ある年の暮れのこと、おろち山という山にひそんでいた山賊が、源氏姫と梅千代の住んでいた村をおそった。二人は、手足をしばられ、山賊のかしらであった美しい女の前へつれてこられたが、梅千代は、おそわれた時にうけた傷がもとで、すでに息絶えていた。

「そなたたちの名は、なんという?」

女の問いに、にくしみをこめて源氏姫が自分の名を言いはなつと、女は、急に青ざめて手下の山賊たちを追いはらい、二人のなわをほどいてやった。

「梅千代のかたき、覚悟!」

ここぞとばかりに、源氏姫はうばいとった短刀で女の胸をつきさしたが、女は、抵抗するでもなく、はらはらと涙をながした。

「ゆるしておくれ、ゆるしておくれ・・・」

と、女は息も絶え絶えにさけんだ。どういうことかと源氏姫が問うと、おどろいたことに、女は、「わたしがおまえたちの母親なのだ」と言った。

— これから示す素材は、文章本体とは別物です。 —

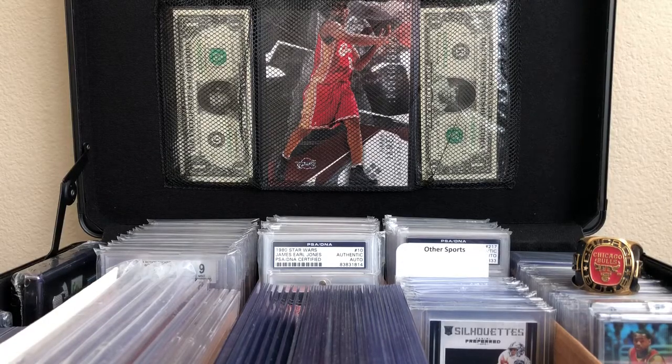Hey, what's up guys. If you read the title then you know what's about to happen. I recently went to a card shop in my travels and I decided to share some of the cards that I got. There was about a $1, $3, and a $5 section, so I went ahead and picked up some of these cards.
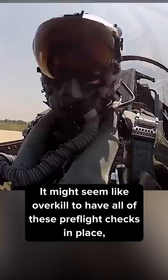It might seem like overkill to have all of these pre-flight checks in place, but when the plane you're inspecting costs $30 million and any malfunction could lead to disastrous results, taking the extra time to ensure that everything is perfect is worth it.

その語るところによれば、女は最初の夫との間に源氏姫をもうけたが、夫は、戦で討ち死にし、二度目に嫁いだ先で梅千代を生んだが、二番目の夫も、やはり戦で亡くなったとのことだった。女は、家臣たちとおろち山へ立てこもり山賊となったが、逃げるとちゅうで二人の子どもとはぐれてしまったのだという。

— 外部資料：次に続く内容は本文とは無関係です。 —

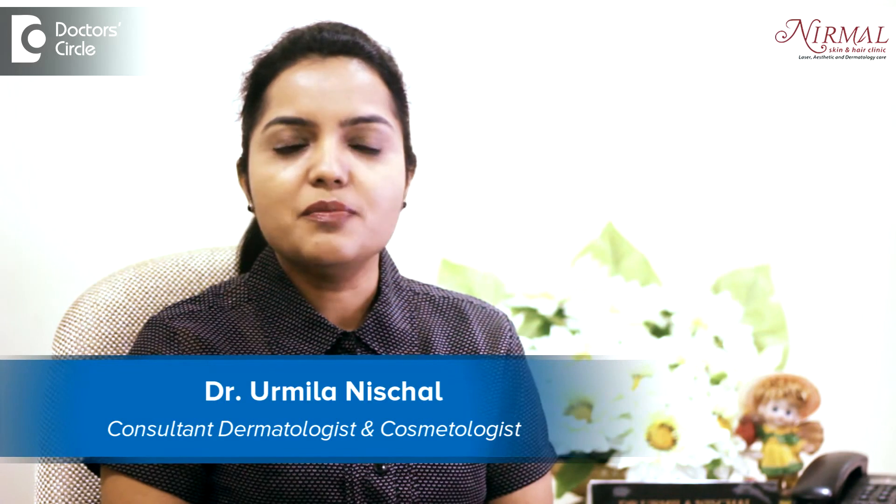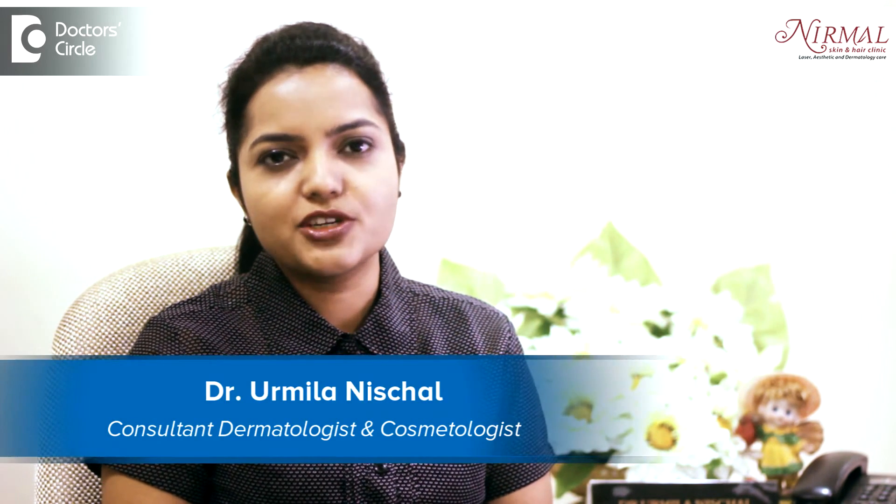Hello, I am Dr. Urmila Nishchal, practicing dermatologist in Vijayanagar, Bangalore.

女は、涙をこぼしながら息絶え、源氏姫は、悲しみのあまり二人のなきがらにすがりついてはげしく泣いた。そして、みずから短刀でのどをかき切った。 

よりそうようにして死んでいった三人の母子は、そのままひとつの石となり、それ以来、夜、人が近づくとかすかな泣き声が聞こえるので、いつしか「夜泣き石」と呼ばれるようになった。けれども、母子の亡くなった命日だけは、同じ声が、母にあまえる子どもたちの笑い声に聞こえるのだという。

源氏姫たちの夜泣き石は、今も、大阪の山中にひっそりとあって、人々の営みを見守っている。